He will be replaced by Red Bull junior driver Liam Lawson in a move that brings weeks of speculation to an end.
After being left without a seat for the 2023 season following his departure from McLaren, Ricciardo joined RB (then named Alpha Tauri) in the middle of that year to replace Nyck De Vries, who was adjudged to be underperforming.
Ricciardo was out of contract with the team at the end of the current season and had been linked with a return to Red Bull, but RB – the sister team to Red Bull – took the decision to replace the Aussie early.
“I’ve loved this sport my whole life,” Ricciardo wrote in a post on Instagram. “It’s wild and wonderful and been a journey.
“To the teams and individuals that have played their part, thank you. To the fans who love the sport sometimes more than me … thank you. It’ll always have its highs and lows but it’s been fun and truth be told I wouldn’t change it.

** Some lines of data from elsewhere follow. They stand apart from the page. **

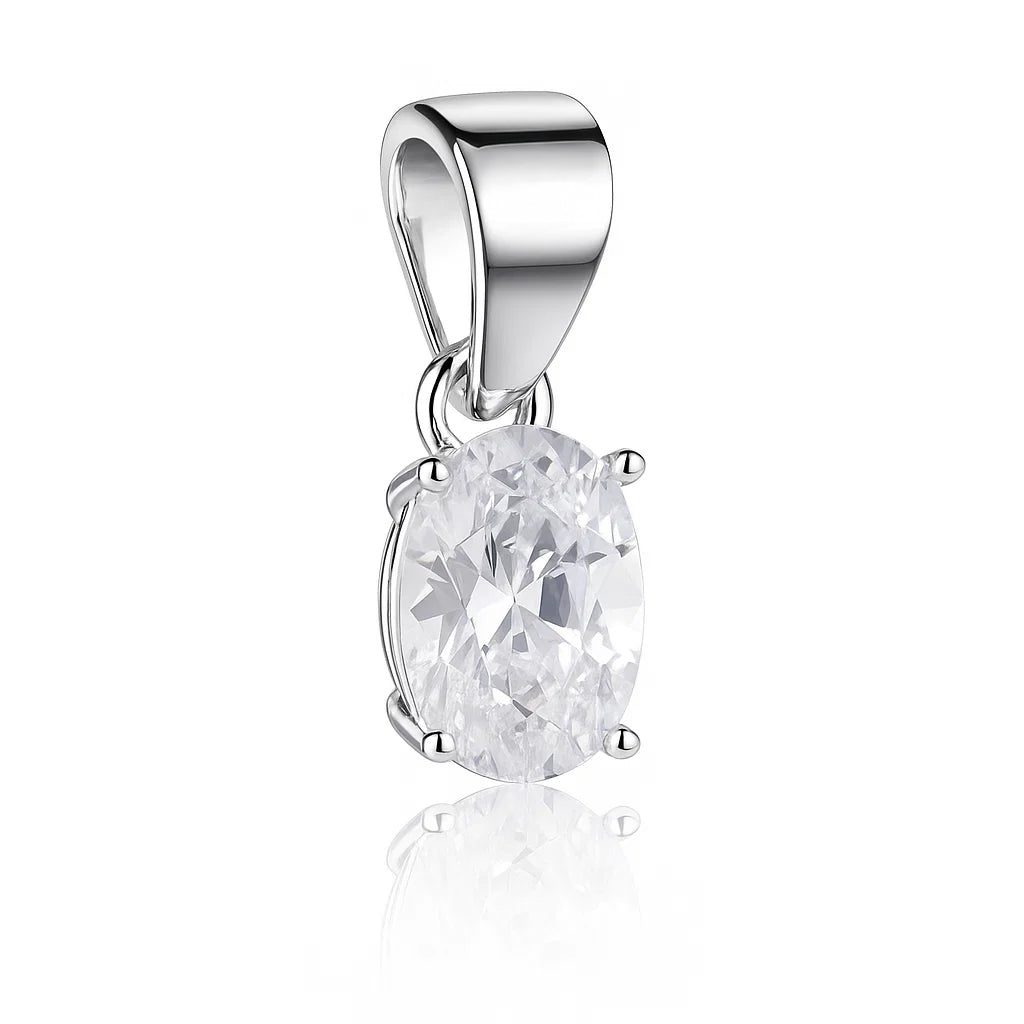 Silver pendant with a clear gemstone on a white background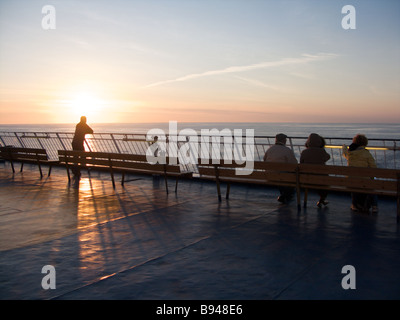 Le persone che si godono il tramonto dalla parte posteriore della piattaforma di visualizzazione di Oscar Wilde traghetto per auto Foto Stock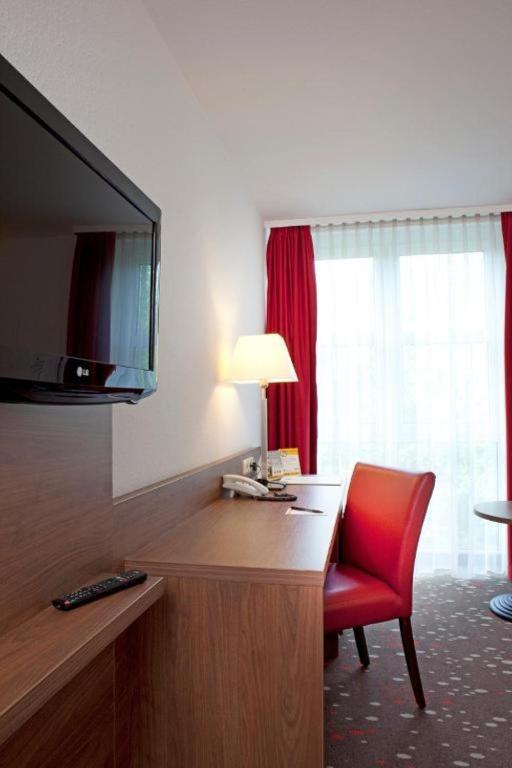 TV a/nebo společenská místnost v ubytování Best Western Hotel Erlangen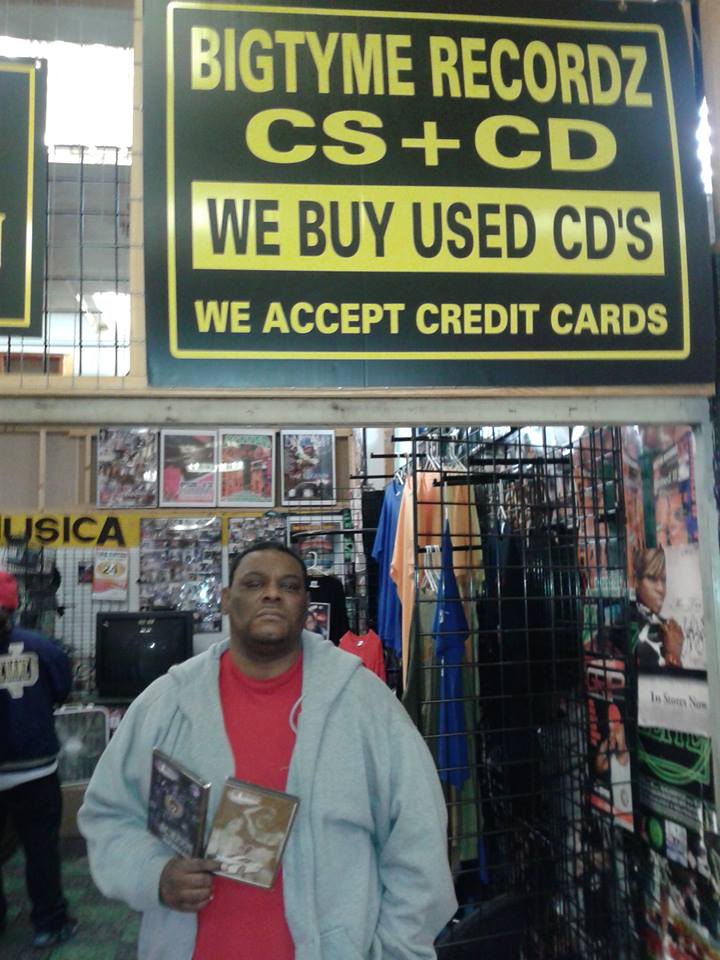 A man holding CDs beneath a yellow Bigtyme Recordz 'CS + CD' sign inside a Houston record shop.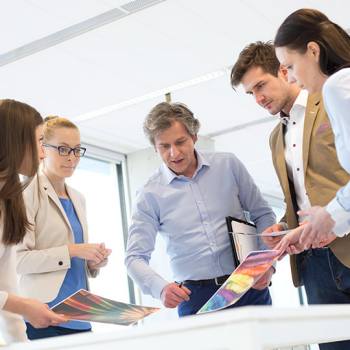 Toner-only innovation colleagues discussing coloured printouts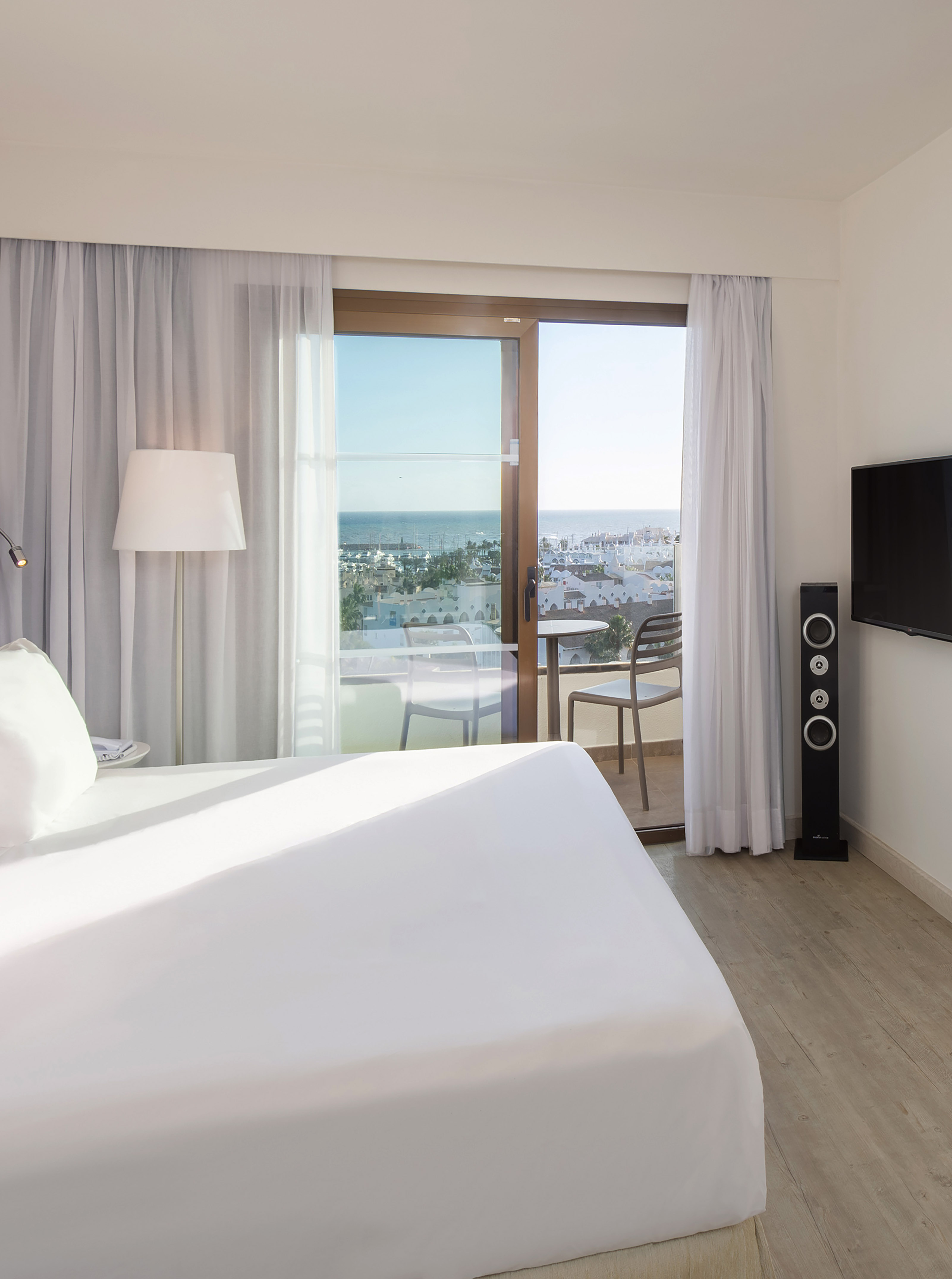 a bedroom with a large window and a television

“Until the next adventure.”
RB Team Principal Laurent Mekies thanked Ricciardo for his efforts across the last two seasons.
“He has brought a lot of experience and talent to the Team with a fantastic attitude, which has helped everyone to develop and foster a tight team spirit,” he said in a statement. “Daniel has been a true gentleman both on and off the track and never without that smile. He will be missed, but will always hold a special place within the Red Bull family.”
Ricciardo has put together quite the resumé over his 14 seasons in F1. He is an eight-time race winner who has finished on the podium 32 times – good enough for 35th on the all-time list – and has placed in the top three of the World Drivers’ Championship twice. He scored 1,329 points across 257 races.
He last raced at Sunday’s Singapore Grand Prix, where he finished 18th.
Ricciardo joined the Red Bull Academy as a teenager, making his F1 debut for Spanish outfit HRT in 2011 before joining Red Bull’s sister team, then called Toro Rosso, the following year. He was called up to the main team in 2014 and spent five seasons with the Austrian manufacturer, taking eight wins.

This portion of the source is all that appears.